Given values of a and b less than 100, compute a raised to the power of b and, when expressed in decimal form, find the maximum sum of its digits. The minimum value of the sum is obviously 1. For example, let’s take a = 13 and b = 17. Then:

\[a^b = 8650415919381337933\]

This number has 19 digits, which means it exceeds what a 32-bit integer can represent (which typically handles up to about 10 digits).
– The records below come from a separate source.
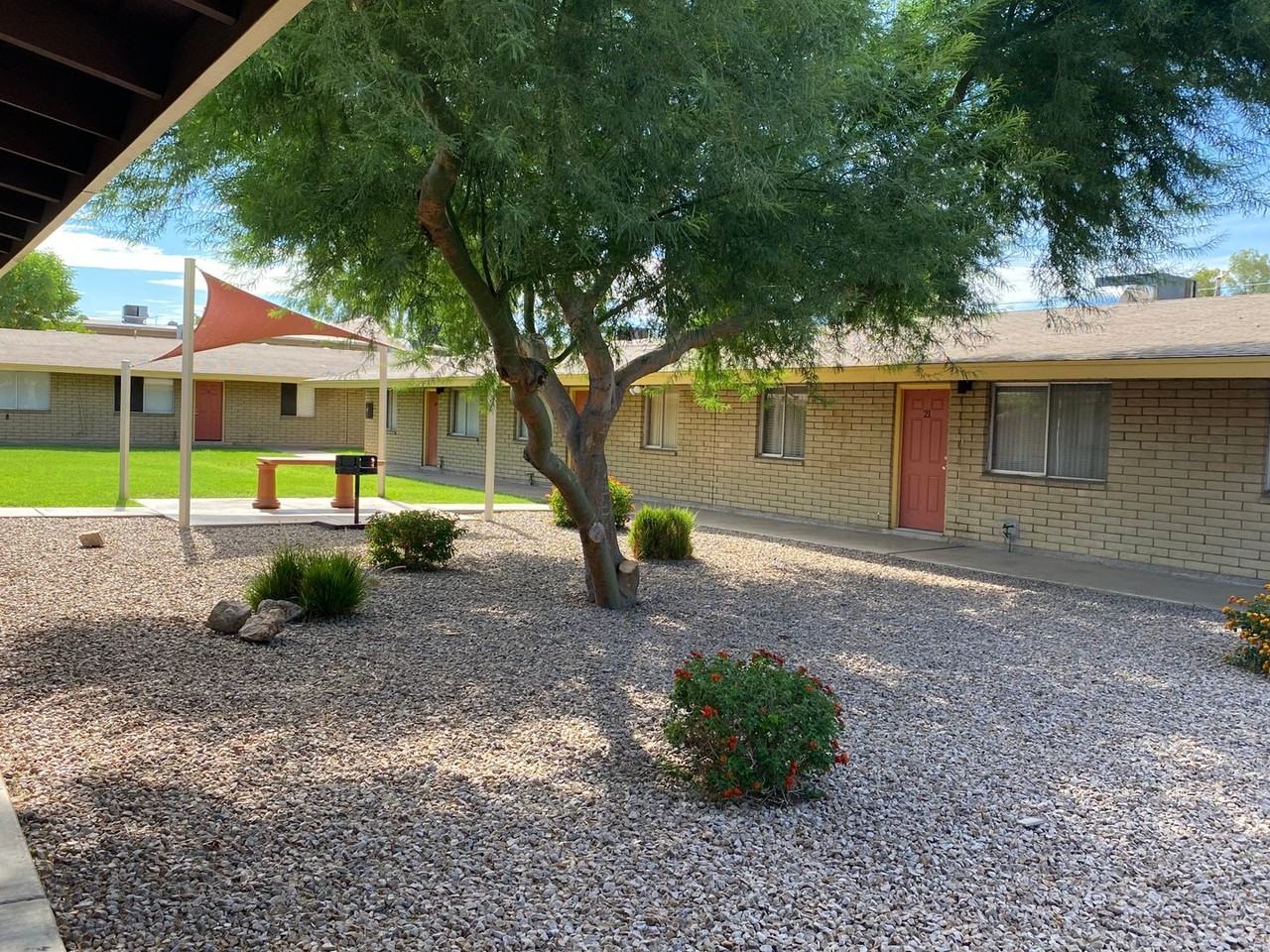 1 MONTH FREE rent 2 bed 1 bath with private Patio - Photo 6 of 31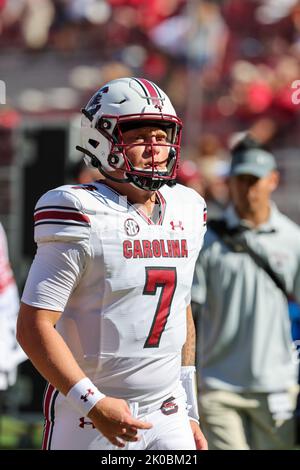 10 septembre 2022: Spencer Rattler #7 Caroline du Sud QB sort du champ. L'Arkansas a battu la Caroline du Sud 44-30 à Fayetteville, AR, Richey Miller/CSM Credit: CAL Sport Media/Alay Live News Banque D'Images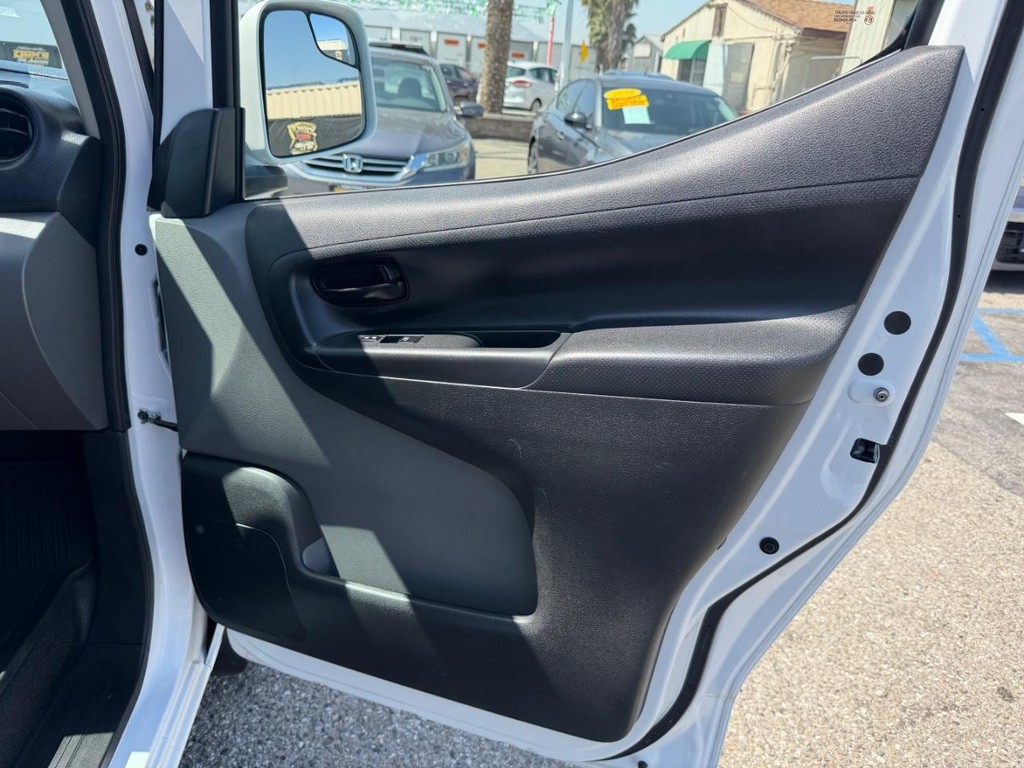Nissan NV200 Vehicle Full-screen Gallery Image 29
The sum of its digits is 88. The goal is to find the number \(a^b\) that results in the maximum digit sum.

Finding a more optimal algorithm seems difficult, so I approached the problem with a brute-force method.

The main challenge of the program is that, in C or C++, you must either use a Big Integer library or implement a simple form of Big Integer arithmetic yourself.

In my case, I chose to implement it myself.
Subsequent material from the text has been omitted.